> **How to complete this task**: Lines from the one containing "Royal Canin LIGHT" through the last line of the data are to be returned exactly, both ends included, minus any pictures.

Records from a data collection
· · · ·

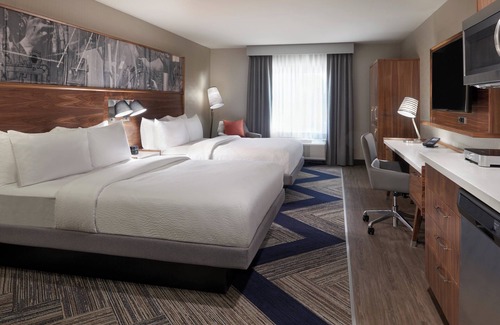 Vaughan Hotel | Four Points by Sheraton Vaughan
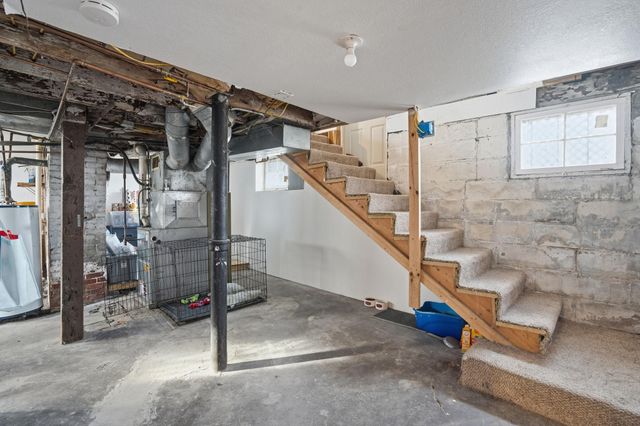 314 WASHINGTON Street, Davenport, IA 52802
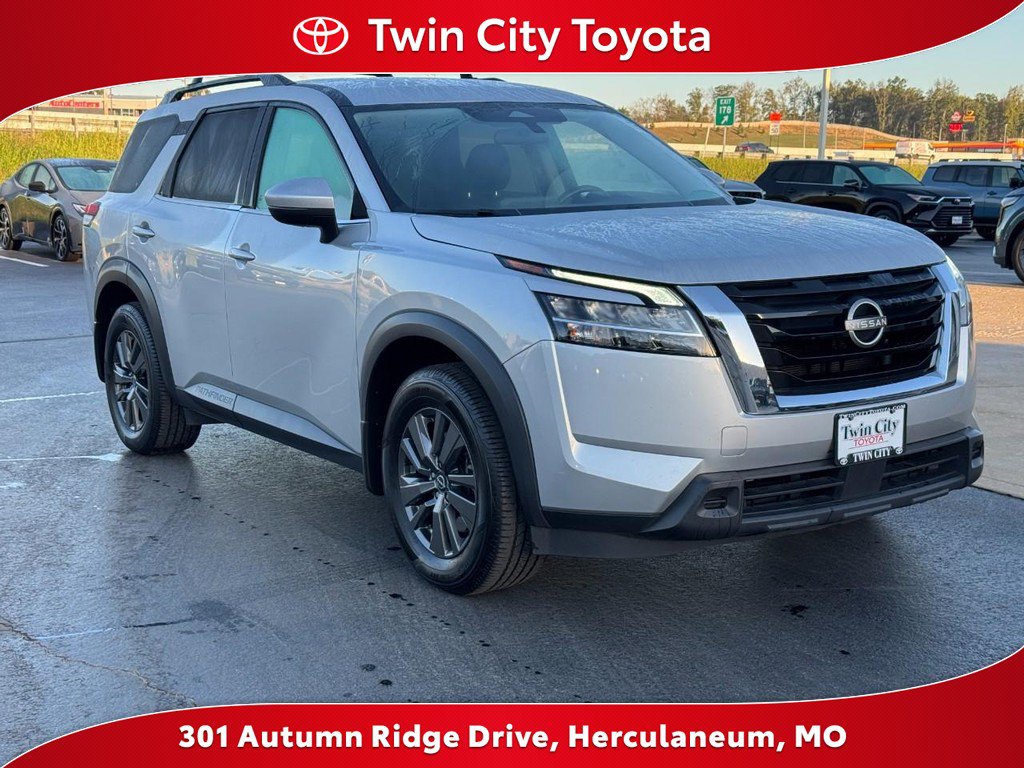 Used 2022 Nissan Pathfinder SV AWD/4WD image 1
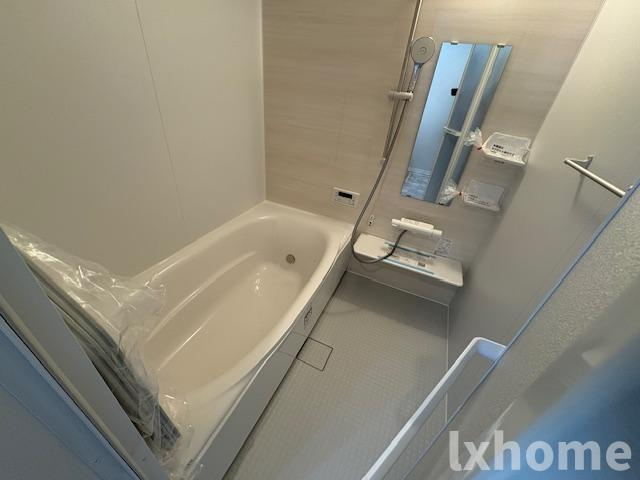 シェモア茨木市郡山二丁目の浴室|コンパクトで使いやすいお風呂です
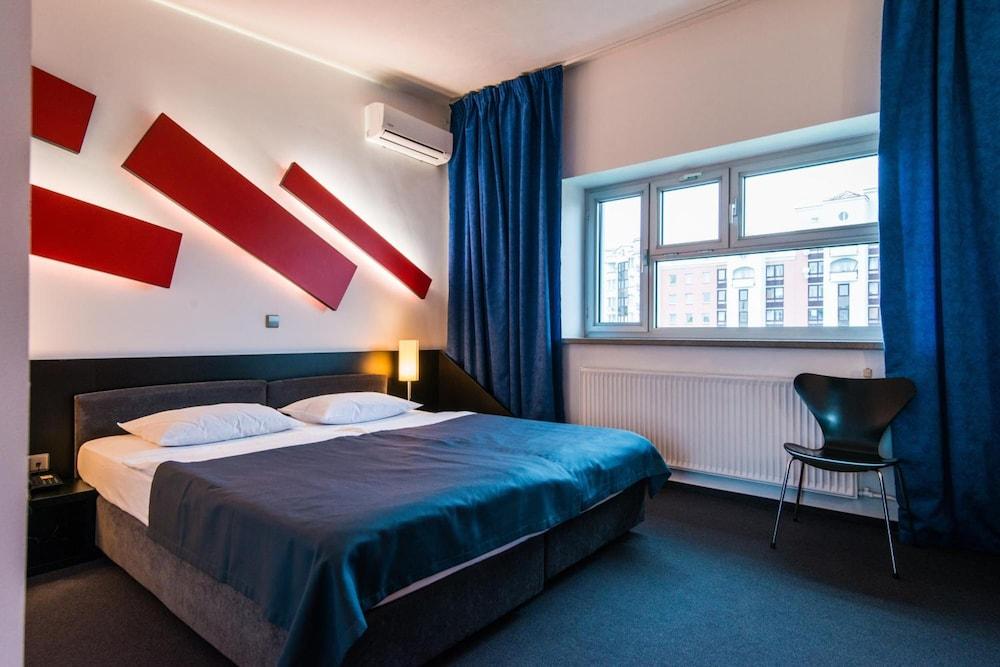 Ibb Hotel Minsk Exteriör bild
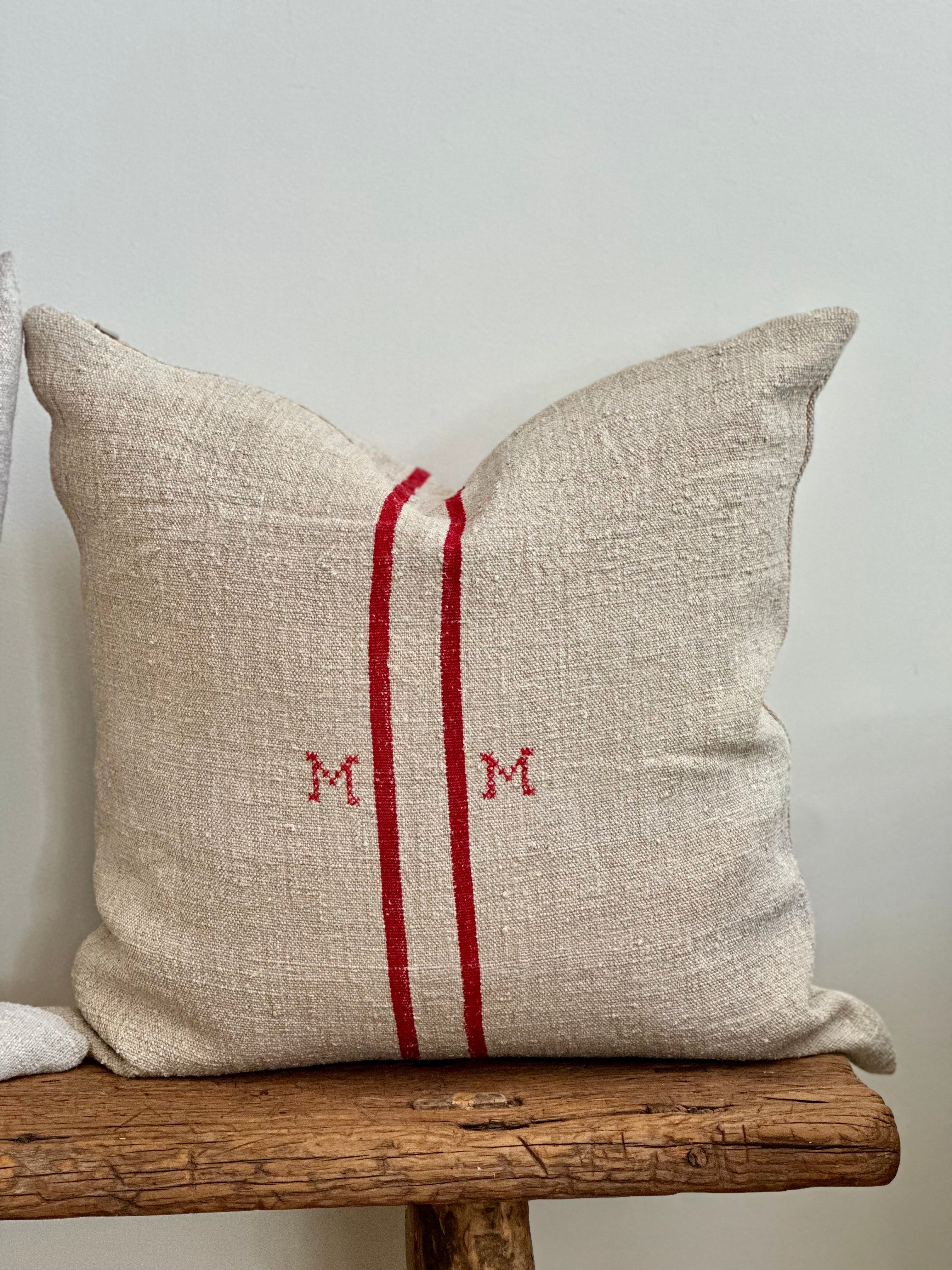 Grain-sack cushion with original monogram "M.M"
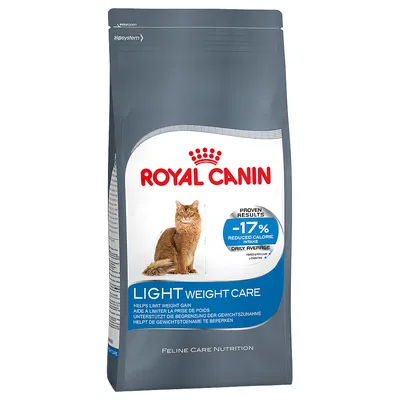 Royal Canin LIGHT Weight Care суха храна за котки, надпис: -17% reduced calorie intake daily average, изображение на котка върху опаковката.
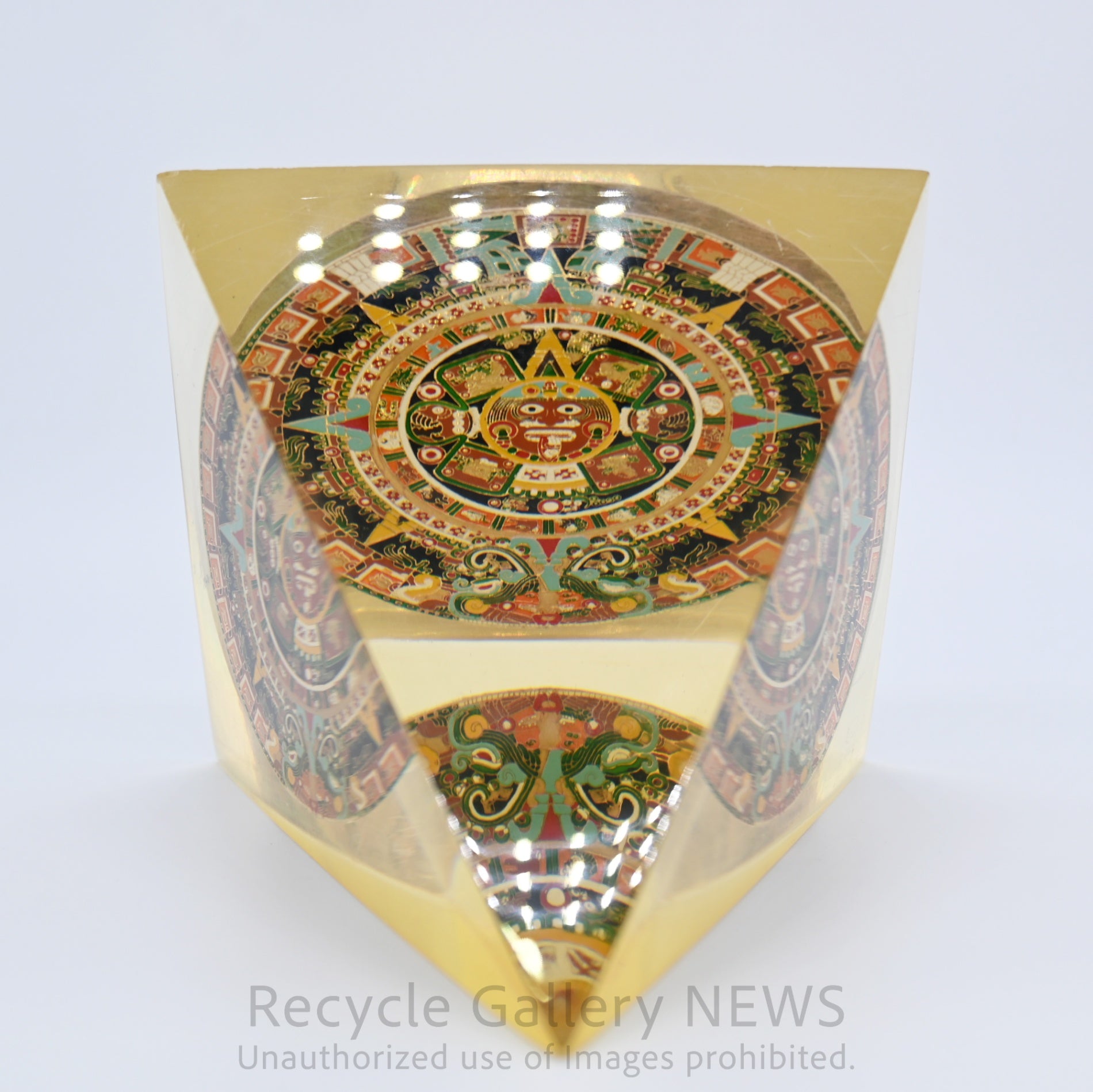 Acrylic Aztec Sun Stone Calendario Azteca Mesoamerican Pyramid Topaz Object Display Piece / アクリル アステカカレンダー 太陽の石 メソアメリカ ピラミッド トパーズ オブジェ ディスプレイ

· · · ·

> **Answer below**:
 Royal Canin LIGHT Weight Care суха храна за котки, надпис: -17% reduced calorie intake daily average, изображение на котка върху опаковката.
 Acrylic Aztec Sun Stone Calendario Azteca Mesoamerican Pyramid Topaz Object Display Piece / アクリル アステカカレンダー 太陽の石 メソアメリカ ピラミッド トパーズ オブジェ ディスプレイ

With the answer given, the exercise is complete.